D’étranges relations enrichies à l’uranium

Ou, qu’est-ce qui bloque les négos avec l’IRAN sur le nucléaire ?

Le 10 novembre, les négociations sur le nucléaire iranien ont échoué. La faute à la France qui, pour s’attirer les bonnes grâces et les contrats juteux de l’Arabie Saoudite, s’est opposée aux Etats-Unis.

A en croire les Américains, mais aussi les Iraniens, c’est la délégation française qui a fait capoter le bel accord négocié depuis des semaines entre Téhéran et Washington alors que le secrétaire d’Etat américain, John Kerry, avait écourté sa tournée au Proche-Orient pour être présent lors des négociations. Pour quelles raisons la France aurait-elle fait cette mauvaise grâce à l’administration Obama qui rêve depuis des années d’un succès au Moyen-Orient et qui a décidé de porter tous ses efforts sur l’Iran ?

Deux explications ont été avancées : d’abord, la France aurait décidé de rendre la monnaie de sa pièce aux Etats-Unis. Marginalisé par l’accord avec la Russie sur les armes chimiques syriennes, Paris a voulu cette fois montrer son pouvoir de nuisance sans injurier l’avenir : les négociations de Genève devraient reprendre d’ici fin novembre. Ensuite, il y a la visite de François Hollande en Israël. Un déplacement préparé avec minutie mais qui s’annonçait délicat. Le président du Parlement israélien a même menacé de boycotter la visite si le président français ne s’adressait pas à la Knesset.

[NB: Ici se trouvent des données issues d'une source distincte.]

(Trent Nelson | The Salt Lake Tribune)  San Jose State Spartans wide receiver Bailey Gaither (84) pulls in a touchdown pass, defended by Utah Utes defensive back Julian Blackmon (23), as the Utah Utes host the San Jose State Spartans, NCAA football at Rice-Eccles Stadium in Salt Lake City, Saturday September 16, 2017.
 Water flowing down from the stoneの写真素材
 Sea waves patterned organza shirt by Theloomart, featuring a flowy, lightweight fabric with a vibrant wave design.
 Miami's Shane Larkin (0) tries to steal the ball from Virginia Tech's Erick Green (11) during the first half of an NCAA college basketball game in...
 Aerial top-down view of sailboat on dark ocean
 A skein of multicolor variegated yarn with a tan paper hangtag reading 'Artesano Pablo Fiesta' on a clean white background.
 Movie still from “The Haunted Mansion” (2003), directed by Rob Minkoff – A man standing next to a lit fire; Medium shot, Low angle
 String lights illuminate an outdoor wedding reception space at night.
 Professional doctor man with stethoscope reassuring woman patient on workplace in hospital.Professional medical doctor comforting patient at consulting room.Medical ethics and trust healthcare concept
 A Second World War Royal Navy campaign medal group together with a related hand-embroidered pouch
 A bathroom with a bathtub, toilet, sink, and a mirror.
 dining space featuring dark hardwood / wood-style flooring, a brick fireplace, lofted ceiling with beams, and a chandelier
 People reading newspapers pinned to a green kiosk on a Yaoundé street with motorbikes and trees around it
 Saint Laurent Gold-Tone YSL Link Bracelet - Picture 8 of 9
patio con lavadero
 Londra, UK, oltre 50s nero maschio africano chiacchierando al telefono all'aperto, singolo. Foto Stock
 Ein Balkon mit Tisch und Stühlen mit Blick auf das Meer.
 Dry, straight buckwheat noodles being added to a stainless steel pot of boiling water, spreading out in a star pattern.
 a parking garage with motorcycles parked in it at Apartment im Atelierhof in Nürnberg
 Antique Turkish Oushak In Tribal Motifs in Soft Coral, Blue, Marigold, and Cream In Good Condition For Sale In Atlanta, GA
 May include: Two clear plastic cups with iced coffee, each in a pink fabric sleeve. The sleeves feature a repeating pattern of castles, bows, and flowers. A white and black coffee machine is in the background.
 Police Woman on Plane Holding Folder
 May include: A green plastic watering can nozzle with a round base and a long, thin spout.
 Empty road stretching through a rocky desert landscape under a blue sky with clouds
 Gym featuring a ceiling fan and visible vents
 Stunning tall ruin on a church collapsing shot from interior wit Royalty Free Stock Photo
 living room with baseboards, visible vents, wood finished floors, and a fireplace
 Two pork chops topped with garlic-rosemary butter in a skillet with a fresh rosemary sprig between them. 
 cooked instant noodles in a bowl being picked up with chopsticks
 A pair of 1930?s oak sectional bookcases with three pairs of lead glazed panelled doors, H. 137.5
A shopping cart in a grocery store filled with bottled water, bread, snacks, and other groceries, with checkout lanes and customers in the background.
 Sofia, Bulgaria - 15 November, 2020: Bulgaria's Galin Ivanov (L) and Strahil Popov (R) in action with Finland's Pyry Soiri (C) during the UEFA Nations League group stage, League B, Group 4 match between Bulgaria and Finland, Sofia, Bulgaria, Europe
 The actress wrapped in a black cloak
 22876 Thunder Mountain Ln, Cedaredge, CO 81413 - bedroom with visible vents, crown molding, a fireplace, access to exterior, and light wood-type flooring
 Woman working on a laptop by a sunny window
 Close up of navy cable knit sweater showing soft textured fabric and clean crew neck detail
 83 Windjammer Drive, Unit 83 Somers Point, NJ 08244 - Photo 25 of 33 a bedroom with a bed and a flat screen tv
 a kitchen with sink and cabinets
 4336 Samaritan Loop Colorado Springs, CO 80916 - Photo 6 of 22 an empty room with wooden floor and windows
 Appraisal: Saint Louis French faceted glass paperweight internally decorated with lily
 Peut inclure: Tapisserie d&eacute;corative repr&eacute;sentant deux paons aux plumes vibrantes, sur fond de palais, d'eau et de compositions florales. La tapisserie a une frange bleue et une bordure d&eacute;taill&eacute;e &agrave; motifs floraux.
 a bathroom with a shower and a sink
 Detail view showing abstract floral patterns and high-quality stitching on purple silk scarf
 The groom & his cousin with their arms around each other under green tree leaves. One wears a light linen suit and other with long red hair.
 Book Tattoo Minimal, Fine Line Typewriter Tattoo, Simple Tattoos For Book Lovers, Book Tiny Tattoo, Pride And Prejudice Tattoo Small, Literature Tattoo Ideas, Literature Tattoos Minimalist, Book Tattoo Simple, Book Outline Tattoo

Du coup, les réticences françaises à signer un accord avec les Iraniens ressemblaient à une politesse faite aux Israéliens. Des réserves françaises qui ont d’ailleurs été saluées par Benyamin Netanyahou. En fait, toutes ces bonnes raisons de ne pas signer avec les Iraniens sont parfaitement circonstancielles. Ce qui l’est moins, c’est la pluie de milliards que, depuis quelques mois, l’Arabie Saoudite déverse sur l’industrie militaire française.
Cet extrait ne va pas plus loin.